Aqui voces encontrarão muitas figuras construídas em Fireworks, Flash MX, Swift 3D e outros aplicativos. Encontrarão, também, muitas crônicas de jornais diários, como as do Veríssimo, Martha Medeiros, Paulo Coelho, e de revistas semanais, como as da Veja, Isto É e Época. Espero que ele seja útil a você de alguma maneira, pois esta é uma das razões fundamentais dele existir.
quinta-feira, 10 de janeiro de 2008
AS PEÚGAS DO MEU PAI
Eu sempre achei ridículo os franceses e os norte-americanos falarem em língua brasileira. Ainda se fosse língua à brasileira ou língua de brasileiro.
Somos quase tão bons em lingüística aplicada quanto em dar com a língua nos dentes. Temos jeito para a informação. Ou para a fofoca. Mas os editores franceses e americanos, por exemplo, referem-se a traduções para a língua brasileira. Dou a língua à palmatória.

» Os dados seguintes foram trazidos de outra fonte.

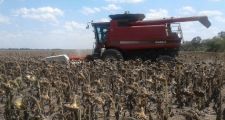 Agroindustria declaró la emergencia agropecuaria por sequía en Chaco, Santa Fe y Córdoba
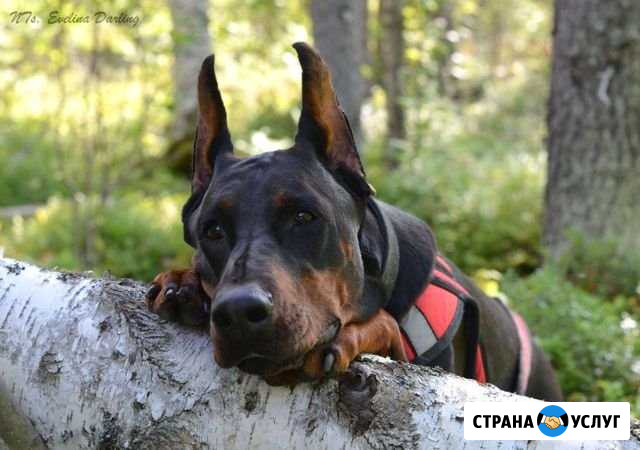 Выгул собак Барнаул - изображение 1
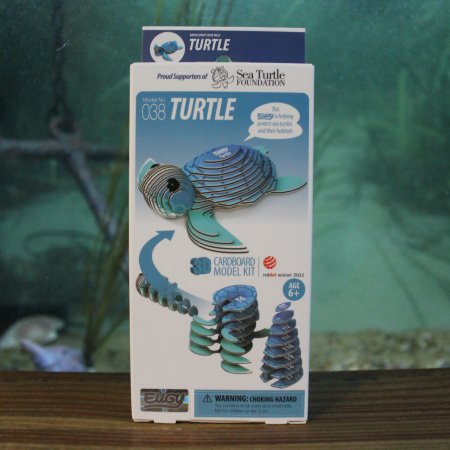 Small cardboard 3D Turtle model kit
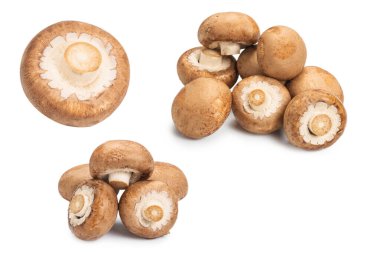 Beyaz arka planda izole edilmiş lezzetli mantar..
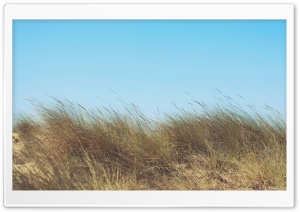 Wind on Field Ultra HD Wallpaper for 4K UHD Widescreen desktop, tablet & smartphone
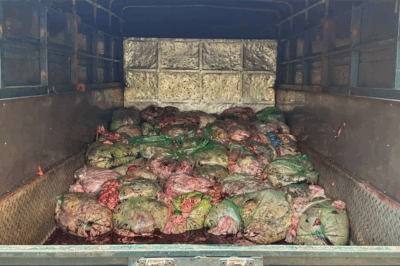 Nghệ An xử lý 1,3 tấn nội tạng không rõ nguồn gốc, buộc tiêu hủy toàn bộ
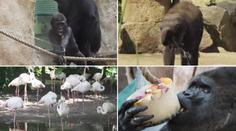 Ledové zmrzliny a sprchy! Takhle se chladí zvířata v pražské ZOO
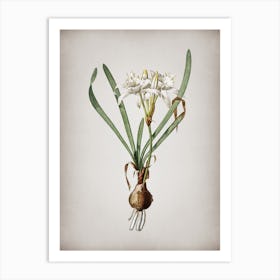Vintage Sea Daffodil Botanical on Parchment n.0385 Art Print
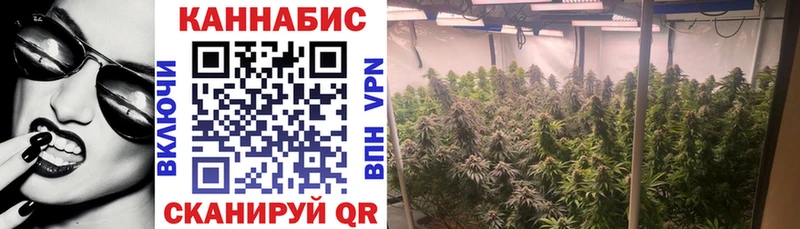 Купить Зеленокумск Каннабис индика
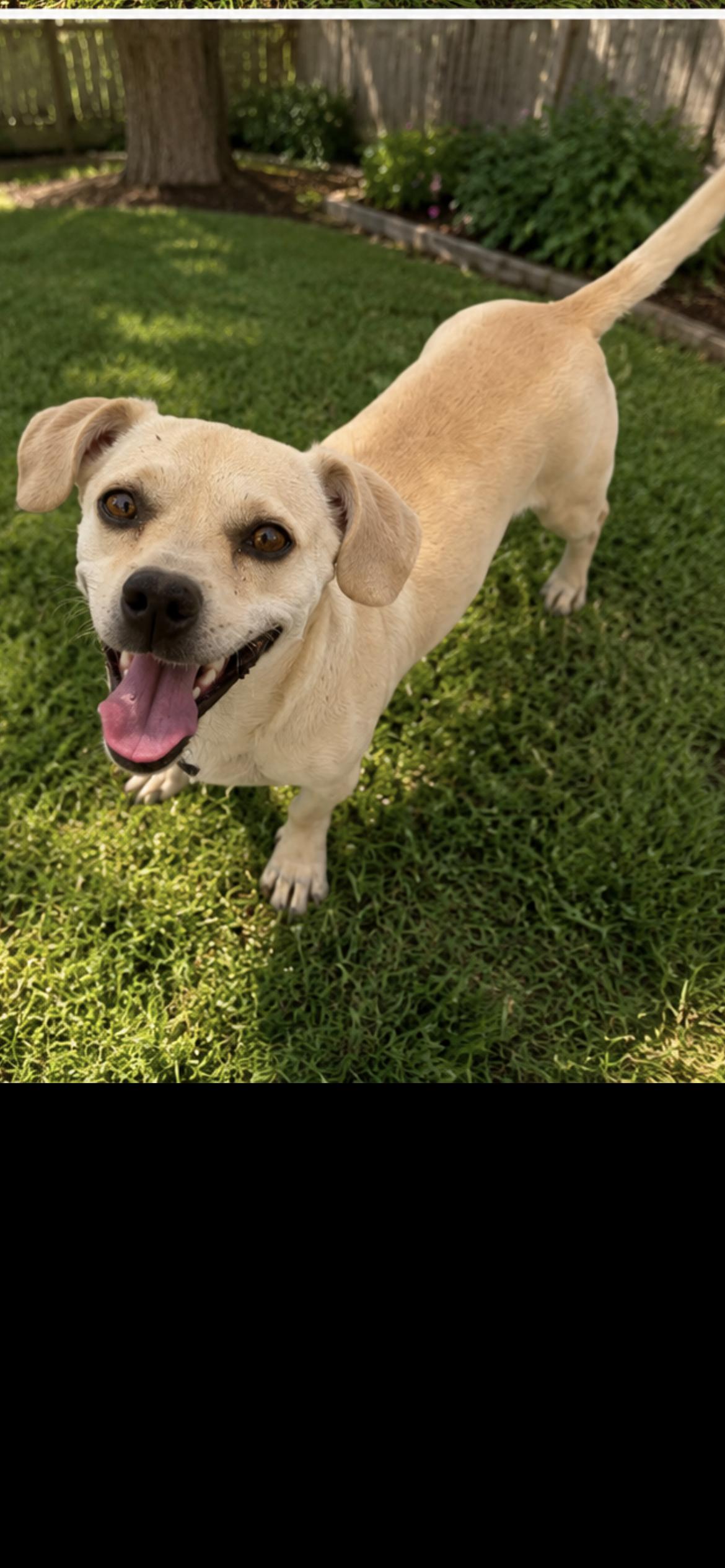 Enlarge Honey, an adopted mixed breed in Hamden, CT image 5/5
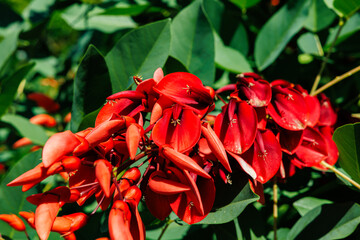 Vibrant red blooms of cockspur coral tree Erythrina crista-galli among lush green leaves in a sunny garden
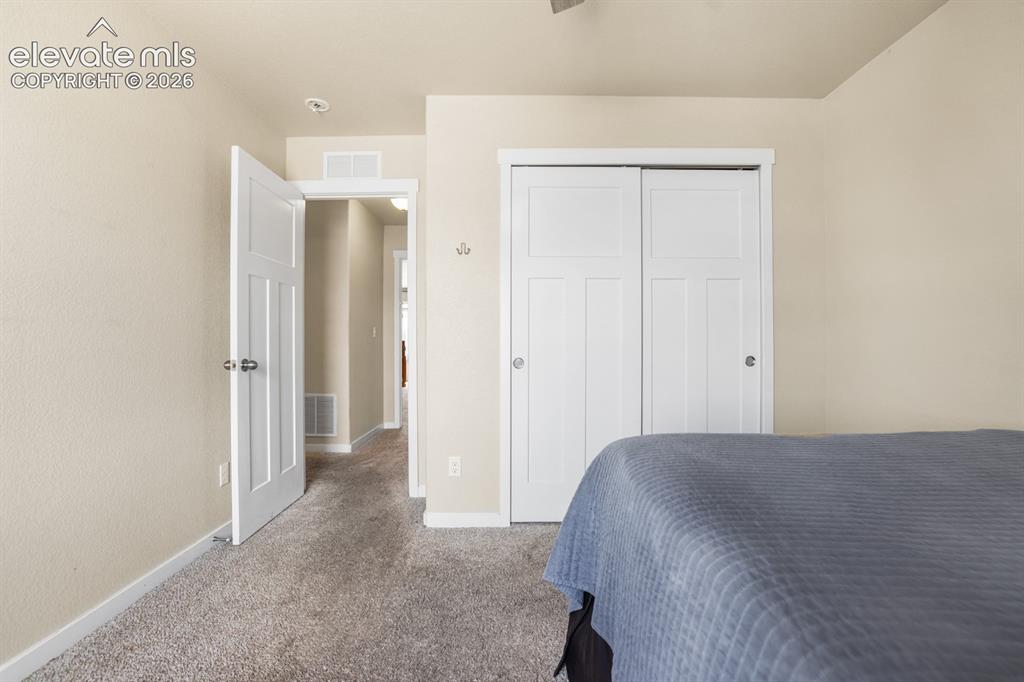 Image 34 of 44: Neutral wall tones complement plush carpet flooring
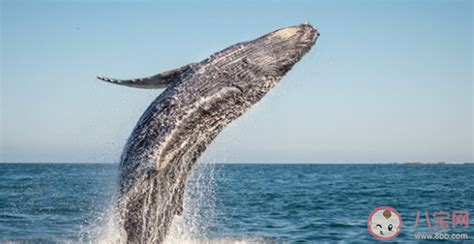鲸鱼的繁殖方式是什么 神奇海洋4月3日答案 _八宝网
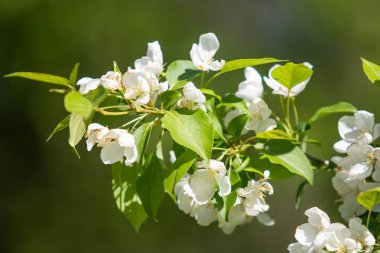 Mavi gökyüzüne karşı elma kiraz beyaz çiçekler. Doğa bahar.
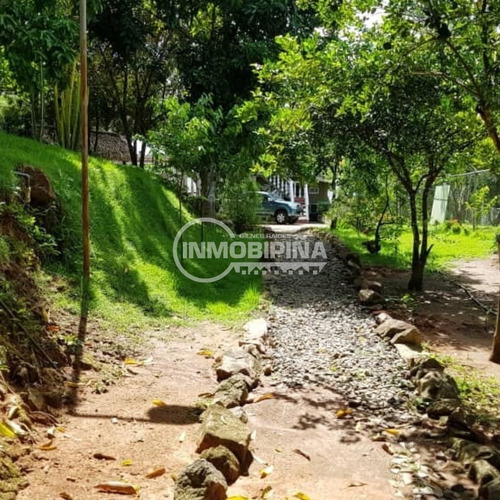 Imagen 12 de 15 de Finca En Venta Upata Estado Bolivar Lp
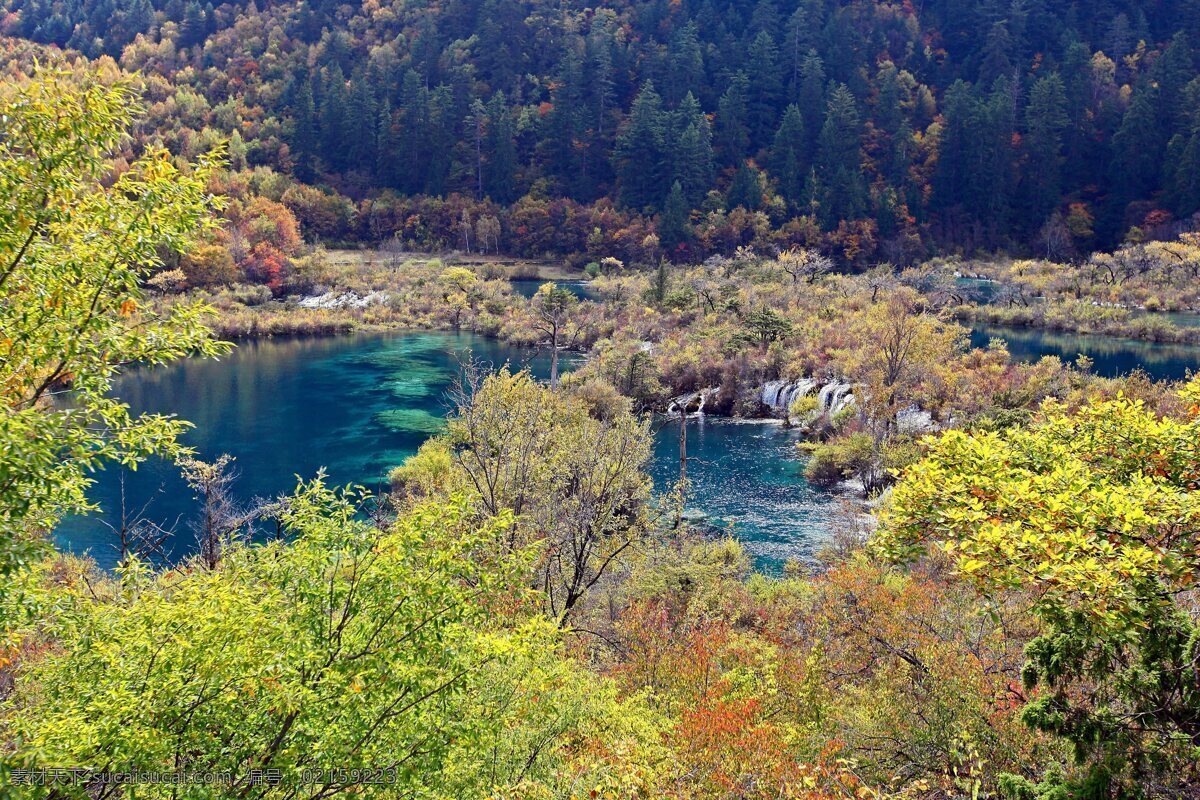 九寨沟 树木 青山 绿水 青山绿水 倒影 风景 自然风景 旅游摄影 自然景观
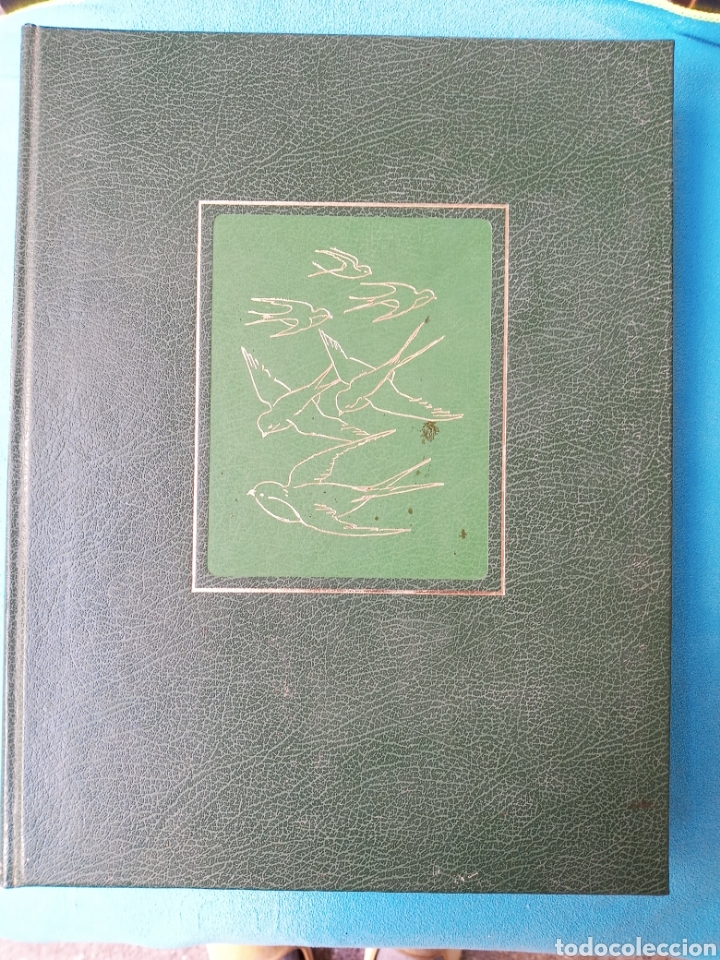 Libros de segunda mano: Vols Dorenetes - Francesc Bonaf&egrave; Barcel&oacute; - Foto 2
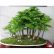 Office Bonsai Tree Amazing On Intended Juniper Seeds Jack 5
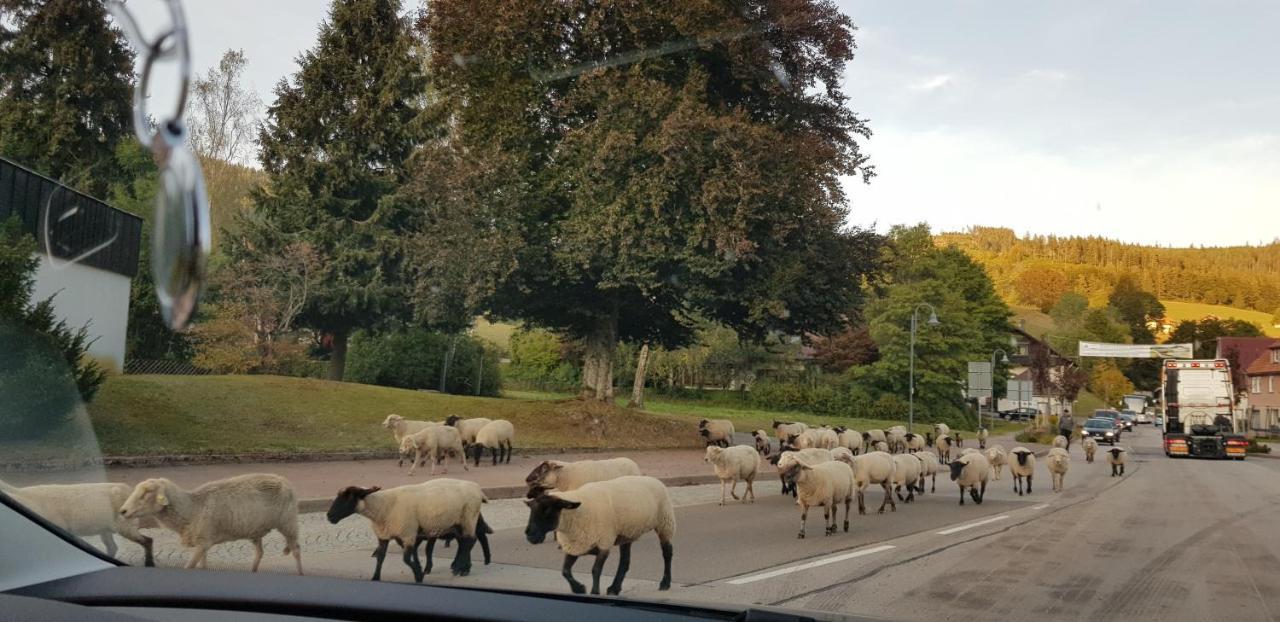 Ferienwohnung Vogelnest Im Schwarzwald Baiersbronn Zewnętrze zdjęcie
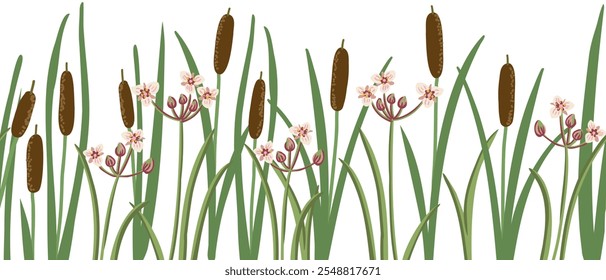 padrão sem emenda com menos bulrush e floração, narrowleaf cattail, redmace, vetor desenho plantas selvagens em fundo branco, borda floral, desenhado à mão ilustração botânica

Mudei de idéia depois de ler 'Eu Hei-de Amar uma Pedra', romance do português Lobo Antunes.
A história, contada em rápidas 558 páginas, é simples: um homem, já velho, relembra o passado olhando fotografias. Em Portugal existem três torcidas fanáticas: a do Benfica, a de José Saramago e a de Lobo Antunes.
Eu faço parte da última. Saramago é o velho comunista contador de histórias prolixas e com fundo moral. Lobo Antunes é o destruidor dos mitos da colonização portuguesa na África. Sempre fico com os destruidores.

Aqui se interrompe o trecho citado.